PSU-MG - Processo Seletivo Unificado de Minas Gerais — Prova 2025

Enunciado

Homem de 80 anos com doença pulmonar obstrutiva crônica (DPOC) moderadamente grave se apresenta ao pronto-socorro pela 2ª vez seguida com dispneia progressivamente pior e tosse cada vez mais produtiva. Ele mora sozinho. Mais recentemente, recebeu alta do hospital há três semanas após tratamento de exacerbações da DPOC com broncodilatadores e antibiótico. Seus sinais vitais iniciais incluem saturação de oxigênio de 87% em ar ambiente, frequência respiratória de 32 incursões respiratórias por minuto, pressão arterial de 138x82 mmHg e pulso de 102 batimentos por minuto. Após o tratamento com nebulizador com albuterol e ipratrópio, sua frequência respiratória melhorou, indo para 28 incursões respiratórias por minuto e sua saturação de oxigênio subiu para 89% em ar ambiente. Qual das seguintes afirmativas é VERDADEIRA sobre o manejo adicional da DPOC para este paciente?

Alternativas

  1. A) Ele deve ser medicado com tiotrópio e receber alta para casa, com acompanhamento com seu médico de atenção primária em dois dias.
  2. B) Ele deve ser medicado com corticosteroides orais e receber alta para casa, com acompanhamento com seu médico de atenção primária em dois dias.
  3. C) Ele deve ser hospitalizado para tratamento adicional da exacerbação da DPOC.
  4. D) Ele deve ser intubado e internado na unidade de terapia intensiva.

Pérola Clínica

Idoso + DPOC grave + falha na resposta inicial + suporte social precário = Internação hospitalar.

Resumo-Chave

A decisão de internação na exacerbação da DPOC baseia-se na gravidade da doença de base, resposta inadequada ao tratamento agudo no pronto-socorro e presença de comorbidades graves.

Contexto Educacional

A exacerbação da Doença Pulmonar Obstrutiva Crônica (DPOC) é uma causa frequente de hospitalização e mortalidade. O manejo inicial envolve o uso de broncodilatadores de curta ação (beta-2 agonistas e anticolinérgicos), corticosteroides sistêmicos e, se houver sinais de infecção bacteriana (aumento da purulência do escarro), antibioticoterapia. No caso de pacientes idosos com doença moderada a grave, a vigilância deve ser redobrada. A persistência de taquipneia (FR > 25-30) e a incapacidade de manter saturação adequada em ar ambiente após medidas iniciais indicam a necessidade de monitorização hospitalar contínua para prevenir a evolução para insuficiência respiratória franca e necessidade de ventilação mecânica.

Perguntas Frequentes

Quais são os principais critérios para internar um paciente com exacerbação de DPOC?

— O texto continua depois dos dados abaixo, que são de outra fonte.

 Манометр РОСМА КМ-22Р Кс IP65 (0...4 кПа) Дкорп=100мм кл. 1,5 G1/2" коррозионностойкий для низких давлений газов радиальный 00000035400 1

Os critérios incluem: sintomas graves (piora súbita da dispneia de repouso), falha na resposta ao tratamento inicial no pronto-socorro, presença de comorbidades graves (IC, arritmias), suporte domiciliar insuficiente, idade avançada e presença de acidose respiratória ou hipoxemia persistente.

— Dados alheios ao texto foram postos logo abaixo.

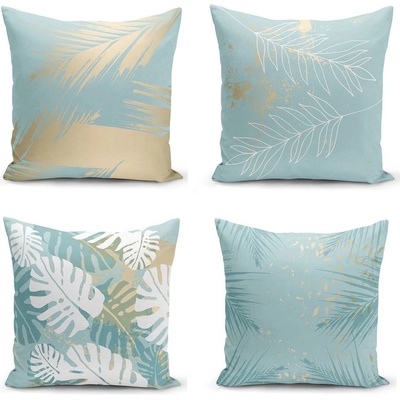 Minimalist Cushion Covers Комплект от 4 калъфки за възглавници Lagoon, 55 x 55 cm - Minimalist Cushion Covers (Sonil-K4luset321)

Qual o alvo de saturação de oxigênio na exacerbação da DPOC?

O alvo terapêutico deve ser entre 88% e 92%. Níveis excessivos de oxigênio podem causar hipercapnia por efeito Haldane, redução do drive respiratório e alteração da relação ventilação-perfusão.

Quando indicar Ventilação Não Invasiva (VNI) na DPOC?

A VNI é indicada na exacerbação da DPOC quando há acidose respiratória (pH < 7,35) e/ou hipercapnia (PaCO2 > 45 mmHg), ou dispneia grave com sinais de fadiga muscular, desde que não haja contraindicações.